Small, Freestanding Windows Executables (2016) - peter_d_sherman
https://nullprogram.com/blog/2016/01/31/
======
peter_d_sherman
Excerpt:

"My usual go to for C/C++ on Windows is Mingw-w64, which has greatly suited my
needs the past couple of years. It’s packaged on Debian, and, when combined
with Wine, allows me to fully develop Windows applications on Linux. Being
GCC, it’s also great for cross-platform development since it’s essentially the
same compiler as the other platforms. The primary difference is the interface
to the operating system (POSIX vs. Win32).

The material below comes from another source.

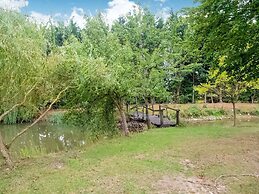 Nature Cottage in Florennes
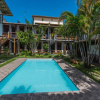 Отель Vila Bacana, фото 10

However, _it has one glaring flaw inherited from MinGW: it links against
msvcrt.dll_ , an ancient version of the Microsoft C runtime library that
currently ships with Windows. Besides being dated and quirky, it’s not an
official part of Windows and never has been, despite its inclusion with every
release since Windows 95. Mingw-w64 doesn’t have a C library of its own,
instead patching over some of the flaws of msvcrt.dll and linking against it.

Since so much depends on msvcrt.dll despite its unofficial nature, it’s
unlikely Microsoft will ever drop it from future releases of Windows.
_However, if strict correctness is a concern, we must ask Mingw-w64 not to
link against it_. An alternative would be PlibC, though the LGPL licensing is
unfortunate. Another is Cygwin, which is a very complete POSIX environment,
but is heavy and GPL-encumbered.

Sometimes I’d prefer to be more direct: skip the C library altogether and talk
directly to the operating system. On Windows that’s the Win32 API. Ultimately
I want a tiny, standalone .exe that only links against system DLLs."